The caloric density of fat saves us a good amount of mass. The density has further positives with astronauts. Astronauts have had a hard time consuming their daily caloric needs. More dense food requires less chewing and time to eat. Think Big Mac versus vegetable medley. The less dense food requires more chewing. It can increase satiety perhaps before we want to, require extra food prep time, extra time to consume the food, and extra time to clean.
For the International Space Station, some throwaway items are tossed into the Earth’s atmosphere and burned up. They do this with their laundry right now, as it saves them from having the mass of extra water on board. But when doing something like a Mars trip, you can’t do this- there’s no atmosphere (while traveling there) to throw stuff into. With food packaging, the astronauts might release the garbage into space.
But maybe not. Space debris is becoming a bigger concern.
“We’re at what we call a ‘critical density’ — where there are enough large objects in space that they will collide with one another and create small debris faster than it can be removed,” he says. Something like a loose fleck of paint, moving at these speeds, can hit with the force of a grenade.”
Less food = less garbage to worry about.
Artificial gravity has its own issues. It’s made to be a panacea in sci-fi, but it may remain a sci-fi dream. To simulate Earth’s gravity would require us to build a ship with a radius of 224 meters. For context, a Falcon 9 (currently contracted by NASA) launch vehicle is 68 meters long. The International Space Station is 73 and 108 meters long and wide (and damn near one million pounds). Picture a standard 400 meter track. Stretch out more than half the track, or think the length of more than two football fields, and that’s just your radius of the ship. We are talking an utterly enormous ship, more than twice the size of anything we’ve ever built, which means god knows how much mass that thing will be, which means god knows how much money would need to be involved. (A bigger ship is also more susceptible to being hit by space junk.)
It will likely be that even in space, with the most advanced technology humans have to offer, we can’t avoid exercise [insert treadmill emoji].
600lbs may seem like a ton of weight, but in space, when doing something like a squat, we have to account for the person not lifting their bodyweight.

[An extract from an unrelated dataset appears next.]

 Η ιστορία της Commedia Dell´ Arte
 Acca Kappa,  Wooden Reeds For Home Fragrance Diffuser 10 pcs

On Earth, if you weigh 200 pounds, a 400 lb squat is more like a 600lb squat in space. I’m not sure any astronauts really need to worry about needing more than 600 pounds of resistance in space, but regardless, this limitation is not a concern with bands.
Powerlifting gear helps you at the bottom portion of movements, so the force curve is different to where the band actually works your weak point.

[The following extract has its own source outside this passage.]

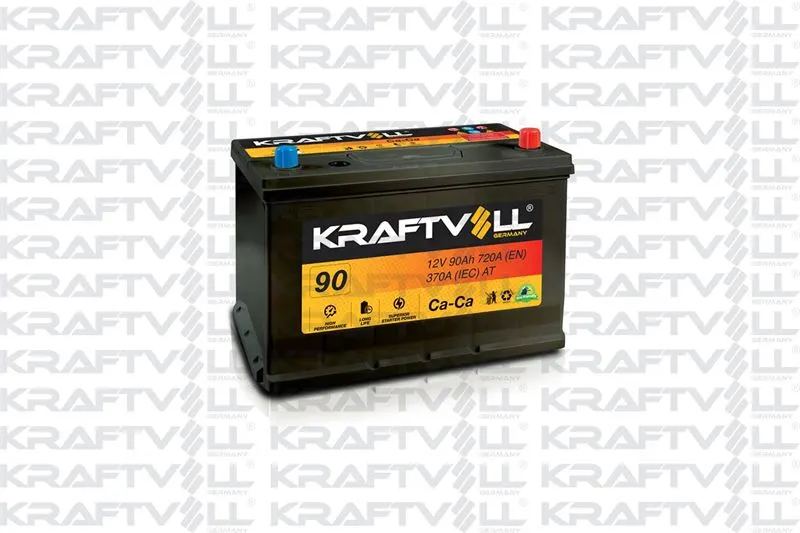 AKÜ KRAFTVOLL 18010015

Another benefit of moving away from something like this- it requires less power. You don’t have to cool bands, you don’t have to turn a computer on to use them. For feedback with mission control and the health department, you can send updates through email, like a google doc. I train people all around the world doing things this way.
We also again gain the benefit of less space debris. If a band tears, or the tension wears out, we can send it home on the next flight. (If not glue it back together. NASA has some wildly strong adhesives.) We don’t need to throw it into space and have a 17,500 mile per hour rubber bullet orbiting us, nor do we need to waste the materials by throwing them off board .
Why don’t we really piss people off. Let’s make all six, or however many, make them all female astronauts. Make them all from a different race / ethnic background, a black, a jew, maybe make them all non-white for kicks. And be sure to include a couple lesbians. First thing they do on Mars? Plant a giant flag with a picture of a vagina, then get married. Maybe Martians can avoid the asininity of those debates from the get go.